Since my spaceliner is a base model that never came with a springer, as far as value goes, would a purist collect say That the springer adds no value. It's a piece together.


----------



## Rivnut (Jul 17, 2020)

The model number (not serial number) stamped into the rear dropout will give you a way to a purist.  Model numbers on Sears bikes are very specific as to what they were originally.


----------



## BrentP (Jul 18, 2020)

I wouldn't worry too much about swapping the fork.  If you want to remain pure, you will need to fix the chain guard and the current fork anyway, and swap to an original saddle (chain guard should be chrome and the decal on the fork is wrong).









						Models 46303, 46343, 46323 1964-68 Sears Spaceliner
					

1964-68 Sears Spaceliner, Model No. 46303 (also 46343, 46323).
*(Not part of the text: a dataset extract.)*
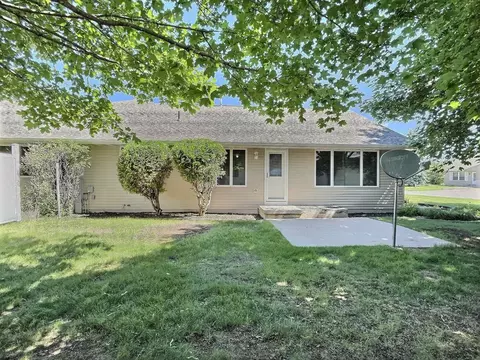 Exterior - w3181 Westowne Court, Appleton, WI 54915 photo 4 of 6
Men's Entry-level' (painted-frame) model.  	 	The straight-tank, painted frame models were the only Spaceliner designs that were produced for the entire five years of the Spaceliner run. 	 	Distinguishing specifications of 46303 are...




					www.flickr.com


----------



## Archie Sturmer (Jul 18, 2020)

I agree with @wheelbender6, and I like the black Western Auto bike as-is.


----------



## rustjunkie (Jul 18, 2020)

doesn’t seem that it would be too tough to find a loose fork? 
prolly not very expensive either


----------



## Rivnut (Jul 18, 2020)

Don't feel that you have to have a bike like everyone else's.  That black bike is bitchin' on its own.  Clean it up and ride it.


----------



## Quick Cal (Jul 20, 2020)

BrentP said:


> I wouldn't worry too much about swapping the fork.  If you want to remain pure, you will need to fix the chain guard and the current fork anyway, and swap to an original saddle (chain guard should be chrome and the decal on the fork is wrong).
> 
> 
> 
> ...





The bike has been painted, so the forks are original, but painted. Triangles just masked off and painted on,,,lol. Nothing I can do about that. 
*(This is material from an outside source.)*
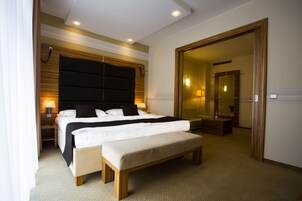 Apartment | Hypo-allergenic bedding, minibar, in-room safe, blackout drapes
I did all ready have a chain gurd on the way. Just got it today. Also got a Troxel seat. Don't know if it's original, but it's better than what was on there and it was only $15.


----------



## AndyA (Jul 20, 2020)

Uncle Cal:
Nice job! Saddles for boys' Spaceliners and Flightliners typically were black with white piping. See first pic of Spaceliner below. To simulate this on my Flightliner, I painted the bottom edge of a replacement saddle as shown in the second pic. Have fun!


----------